Triplets contain three consecutive structure elements, which are bases or base pairs (Liu et al., 2005), as well as the nucleotide in the middle of the elements. For example, Figure 1 shows the sequence and structure of a hypothetical pre-miRNA and its dot-bracket notation. Consider the first three dots (bases) and their corresponding nucleotides AAA in Figure 1. The middle nucleotide is A. Thus, the structure-sequence elements “A …” constitute a triplet. As another example, consider the first three brackets (base pairs) and their corresponding nucleotides UUG in Figure 1. The middle nucleotide is U. Thus, the structure-sequence elements “U(((” constitute a triplet.

FIG. 1.

The sequence and structure of a hypothetical pre-miRNA and its dot-bracket notation.

MirID algorithms

Central to MirID is a combinatorial feature mining algorithm, which uses a bagging approach (Breiman, 1996) to randomly generate N combinations of features (feature sets) from the 74 features at hand. (The default of N is set to 100.) Each feature set contains between 1 and 150 features, randomly chosen with replacement from the 74 features. Each feature set is used to build a classification model, implemented using support vector machines (SVMs). The polynomial kernel in the LIBSVM toolkit (Fan et al., 2005) is used here for the SVM implementation, which achieves the best performance among all kernel functions available in the LIBSVM toolkit. Using the training and testing sequences in Table 1, the accuracy of each classification model is calculated. Classification models with accuracies less than a threshold t are eliminated. (The default of t is set to 0.8.) A classifier ensemble is constructed from the remaining classification models. This ensemble works by taking the majority vote from the individual classification models. The ensemble is continuously refined through an iterative procedure to get the best ensemble. The procedure increments t by a step value in each iteration. (The default of step is set to 0.005.)

One important function of the combinatorial feature mining algorithm is to perform merge and split operations on existing feature sets to generate new feature sets. Figure 2 illustrates how these operations work. In Figure 2, S₁ contains 7 features and S₂ contains 3 features. These two feature sets are merged to form S₃, which contains 10 features. Then a number is randomly generated (we assume this number is “6” in this example), and 6 features are randomly selected from S₃ and assigned to S^’₁, and the remaining 4 features are assigned to S^’₂. The new feature sets S^’₁ and S^’₂ are then used to build new classification models. Figure 3 presents details of our feature mining algorithm, whose output is the best classifier ensemble.

FIG. 2.

Illustration of the merge and split operations on two feature sets.

FIG. 3.

Algorithm for combinatorial feature mining.

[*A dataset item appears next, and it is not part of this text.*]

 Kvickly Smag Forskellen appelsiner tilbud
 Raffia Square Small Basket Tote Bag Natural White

We next applied AdaBoost (Bindewald and Shapiro, 2006; Freund and Schapire, 1997; Schapire, 1999) to the classifier ensemble, which is treated as a weak classifier and is continuously refined into a strong classifier through a procedure with K iterations. (The default of K is set to 20.) The strong classifier is able to predict whether an input RNA sequence is a pre-miRNA or not.

Results

Performance analysis of the MirID method

We carried out a series of experiments to evaluate the proposed MirID method. All the experiments were performed on a 2 GHz Pentium 4 PC having a memory of 2G bytes. The operating system was Cygwin on Windows XP and the algorithms were implemented in Perl. To understand the effect of boosting, we also considered using the combinatorial feature mining algorithm alone to classify pre-miRNAs, and referred to it as the CFM method.

We first evaluated how the number of initial feature sets, N, affects the performance of CFM and MirID. As N increases, more feature sets are generated initially. Thus, the feature mining algorithm constructs a classifier ensemble using more diverse feature sets. Hence the accuracy of the ensemble increases. On the other hand, as N increases, the inner loop in Figure 3 is run more times; as a consequence, the running time increases. MirID requires more time than CFM, due to the extra time spent in boosting. MirID in general is more accurate than CFM, indicating the benefit of including the AdaBoost algorithm.

We next evaluated how the threshold, t, used in the feature mining algorithm affects the performance of CFM and MirID. When t is very large (e.g., t>0.95), the accuracies of the methods drop sharply. This happens because the accuracies of most SVM classification models are less than 0.95 (i.e., 95%), and hence these SVM classification models are eliminated from further consideration early in the feature mining algorithm, cf. Figure 3. When t approaches 1, it is likely that the set S_b returned by the feature mining algorithm is an empty set, and therefore the classifier ensemble constructed based on S_b is also empty, yielding an accuracy of 0. As t increases, fewer feature sets qualify and the set S_r is smaller. As a result, the inner loop in Figure 3 is executed fewer times, and hence the running time decreases.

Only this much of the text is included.